Rise in numbers of Jews leaving for Israel from some European countries

Some European countries have seen an increase in the number of Jews leaving to live in Israel but the numbers fall short of an “exodus”, according to a new study.

The Institute of Jewish Policy Research compared recent trends of Jewish migration with cases of mass migration in response to persecution or major political upheavals in the past.

Jonathan Boyd, the IJPR’s executive director, said: “There is no evidence of an exodus of Jews from Europe, even though the numbers of Jews emigrating to Israel from some countries in recent years – most notably France – are unprecedented.”

He added: “It is clear that Jews in parts of Europe are genuinely concerned about their future, most likely because of antisemitism, but the levels of anxiety and apprehension are nowhere near those experienced during previous periods of intense stress, like the 1930s and 1940s. Drawing those types of parallels has no basis in empirical reality.”

The IJPR looked at six countries – France, Belgium, Germany, Italy, Sweden and the UK, which account for about 70% of European Jews. It concluded there had been an increase in migration, especially from France, Belgium and Italy; but in the UK, Germany and Sweden levels of migration were not unusual.

Suggesting a definition of an exodus as 30% of the Jewish population, it said 4% of Jews in Belgium and France had left for Israel between 2010 and 2015. The proportion leaving from the UK, Germany and Sweden was between 0.6% and 1.7%.

The context, said the report, was a significant demographic transformation of Europe, with an inflow of migrants from the Middle East, north Africa and south Asia, which had implications for European culture, traditions and politics.

“It is against this background of demographic change and political reckoning that European Jews and Jewish communities try to orientate themselves. Irrespective of the degree of their religiosity and communal involvement, the process is neither easy nor light-hearted for most Jews,” said the report.

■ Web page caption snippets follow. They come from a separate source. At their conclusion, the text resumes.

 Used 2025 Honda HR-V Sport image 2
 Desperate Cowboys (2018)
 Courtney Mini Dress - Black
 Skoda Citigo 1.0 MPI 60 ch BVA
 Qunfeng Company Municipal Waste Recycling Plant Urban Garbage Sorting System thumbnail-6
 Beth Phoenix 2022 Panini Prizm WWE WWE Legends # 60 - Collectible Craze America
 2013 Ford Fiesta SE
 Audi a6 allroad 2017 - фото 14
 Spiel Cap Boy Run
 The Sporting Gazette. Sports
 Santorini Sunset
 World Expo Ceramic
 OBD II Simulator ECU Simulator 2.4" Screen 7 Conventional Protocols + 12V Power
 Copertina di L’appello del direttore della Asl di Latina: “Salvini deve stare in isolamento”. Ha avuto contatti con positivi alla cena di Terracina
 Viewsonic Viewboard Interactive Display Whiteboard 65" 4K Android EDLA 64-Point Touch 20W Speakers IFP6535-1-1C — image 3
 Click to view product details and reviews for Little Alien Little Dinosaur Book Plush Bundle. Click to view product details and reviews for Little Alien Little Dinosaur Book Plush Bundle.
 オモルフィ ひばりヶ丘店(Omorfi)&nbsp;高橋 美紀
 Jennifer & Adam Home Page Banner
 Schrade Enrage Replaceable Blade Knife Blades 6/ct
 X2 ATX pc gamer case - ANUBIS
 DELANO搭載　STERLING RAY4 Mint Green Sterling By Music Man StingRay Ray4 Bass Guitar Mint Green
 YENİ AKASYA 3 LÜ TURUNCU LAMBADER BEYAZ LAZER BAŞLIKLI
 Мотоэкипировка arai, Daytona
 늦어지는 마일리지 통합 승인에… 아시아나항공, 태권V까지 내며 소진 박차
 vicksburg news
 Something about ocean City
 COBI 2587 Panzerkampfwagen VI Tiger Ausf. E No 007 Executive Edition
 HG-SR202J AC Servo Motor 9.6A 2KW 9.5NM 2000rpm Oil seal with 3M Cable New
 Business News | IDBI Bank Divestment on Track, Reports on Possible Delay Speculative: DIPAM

“It takes place both in the shadow of the Holocaust, an event that showed to Jews and others the scale of possible tragedy when a small and vulnerable minority is drawn into ideologically-inspired military conflict, and in the context of painful and difficult discourse about the State of Israel that affects many Jews at a gut level.”

It said the differences between the two groups of countries pointed to “the existence of two distinct post-2000s trajectories of migration to Israel”, it said. “On the one hand, there is the British pattern, constituted by the UK, Germany and Sweden, where ‘business as usual’ seemingly prevails, and on the other, there is the French pattern, constituted by France, Belgium and Italy, where new winds seem to be blowing.”

According to a report by Human Rights First, antisemitic incidents in France doubled from 423 in 2014 to 851 in 2015 and were becoming increasingly violent. Figures collated by the UK’s Community Security Trust suggested an 11% increase in antisemitic incidents in Britain in the first six months of 2016.

Daniel Staetsky, the author of the IJPR report, said: “European demographic and political landscapes are changing … Large segments of Jewish populations in European countries perceive antisemitism to be on the increase. There is no perfect tool to measure the prevalence and strength of antisemitic attitudes in the general public, but some phenomena can be measured by their effects.

“Migration plays a very central role in Jewish demography, as Jews are known to move in response to a particularly acute deterioration in the political or economic situation. If Jews feel unwelcome in Europe, their movement out of Europe will serve as the first sure sign of that.”

Two years ago, the Israeli prime minister, Benjamin Netanyahu, urged European Jews to migrate en masse to Israel following terrorist attacks in Paris and Copenhagen. “Israel is your home and that of every Jew. Israel is waiting for you with open arms,” he said.

However, European politicians and Jewish community leaders called on Jews to stay in Europe, saying terror was not a reason to emigrate.